*How to complete this task*
Please print the line that holds "MERCEDES Glc coupe" and each line after it to the end of the data, word for word, without any pictures.

*Listed entries*
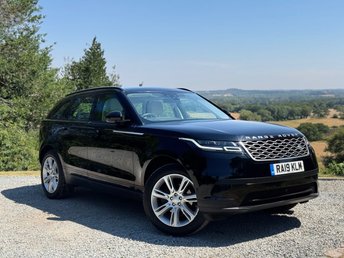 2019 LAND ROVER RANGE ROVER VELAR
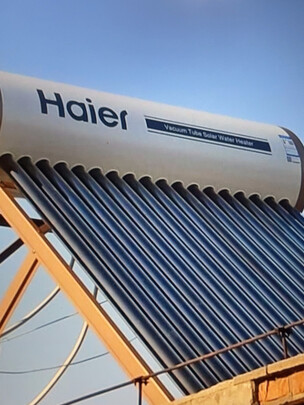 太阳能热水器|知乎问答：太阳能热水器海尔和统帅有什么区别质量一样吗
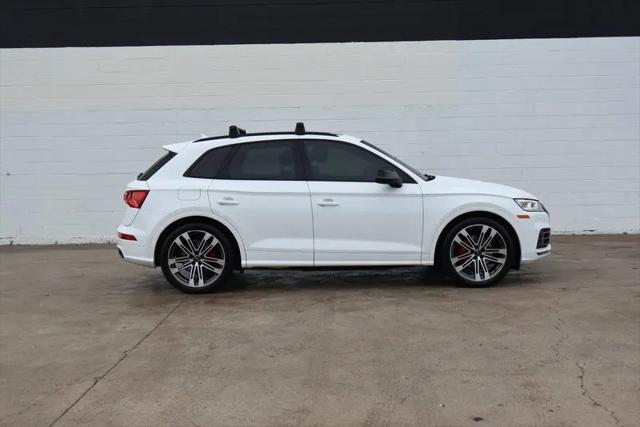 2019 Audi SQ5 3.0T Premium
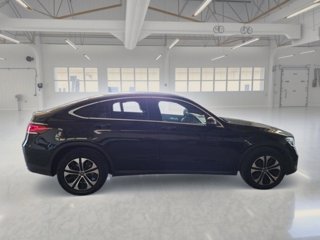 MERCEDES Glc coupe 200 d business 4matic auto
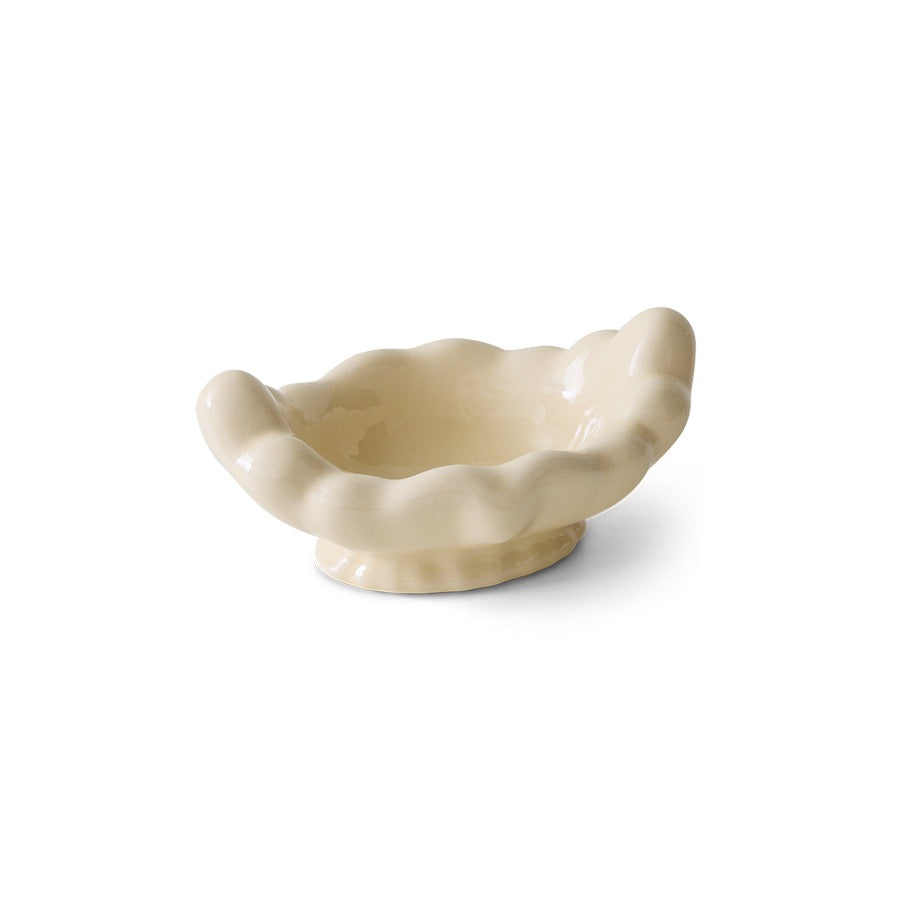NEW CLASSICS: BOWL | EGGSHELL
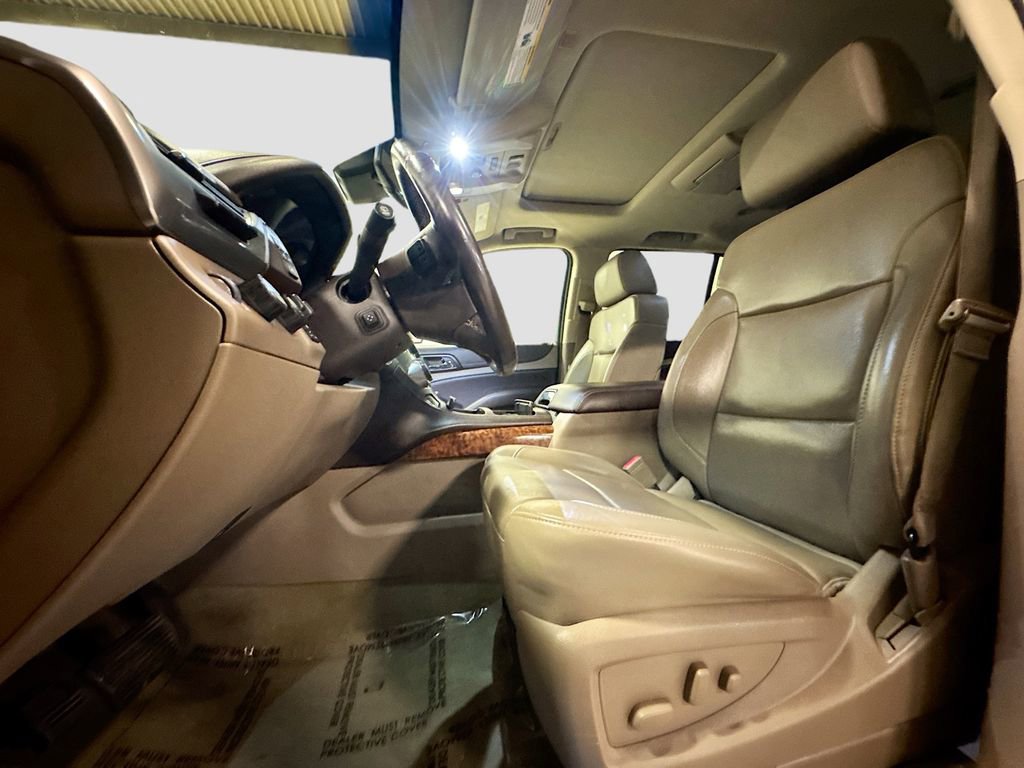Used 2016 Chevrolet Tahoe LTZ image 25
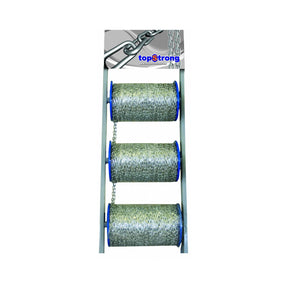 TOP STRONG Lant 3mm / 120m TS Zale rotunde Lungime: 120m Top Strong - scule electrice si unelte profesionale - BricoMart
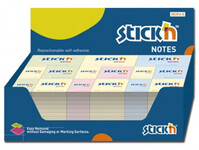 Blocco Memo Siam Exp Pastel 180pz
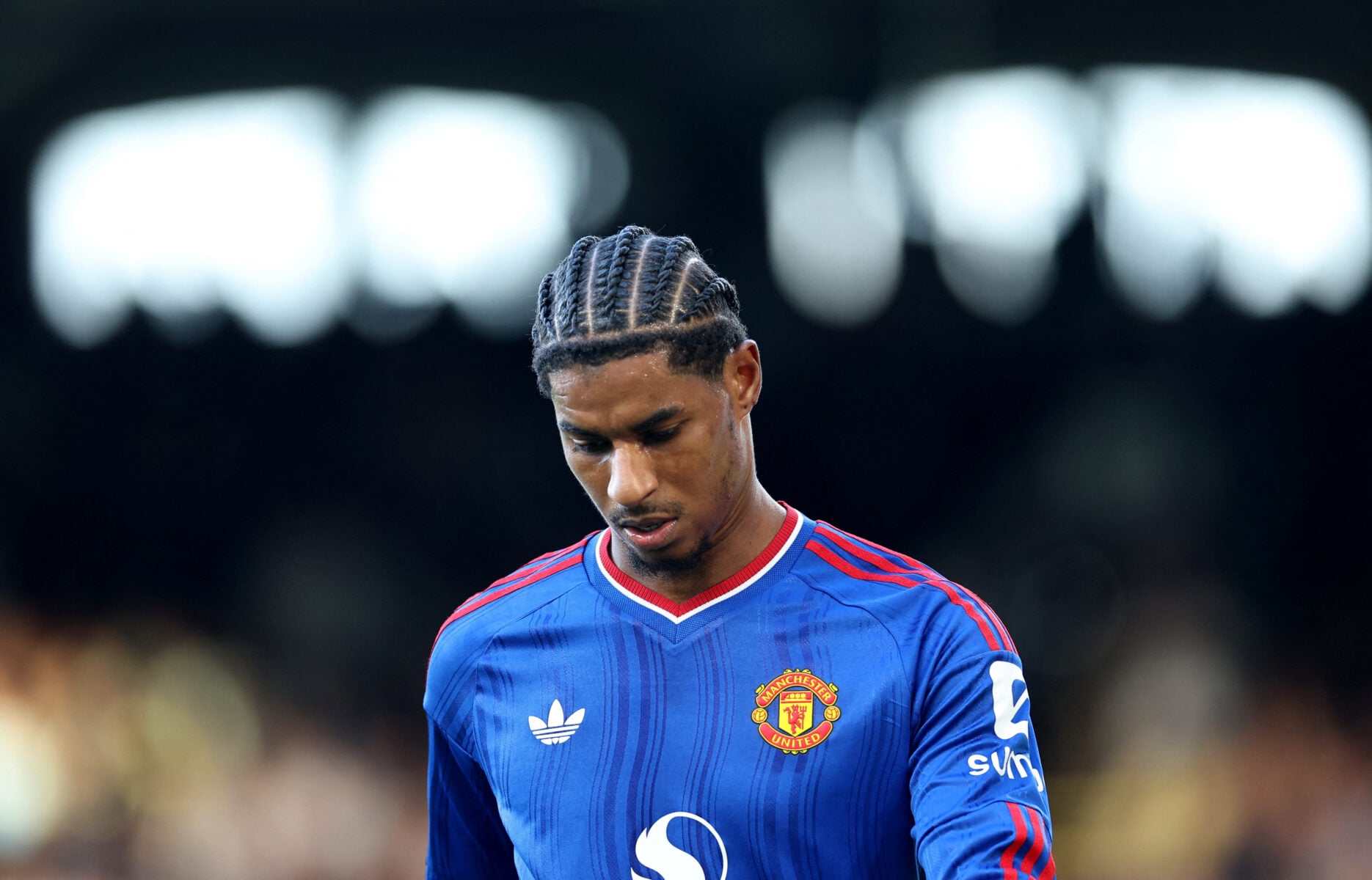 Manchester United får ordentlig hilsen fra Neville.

*Task answer*
 MERCEDES Glc coupe 200 d business 4matic auto
NEW CLASSICS: BOWL | EGGSHELL
Used 2016 Chevrolet Tahoe LTZ image 25
 TOP STRONG Lant 3mm / 120m TS Zale rotunde Lungime: 120m Top Strong - scule electrice si unelte profesionale - BricoMart
 Blocco Memo Siam Exp Pastel 180pz
 Manchester United får ordentlig hilsen fra Neville.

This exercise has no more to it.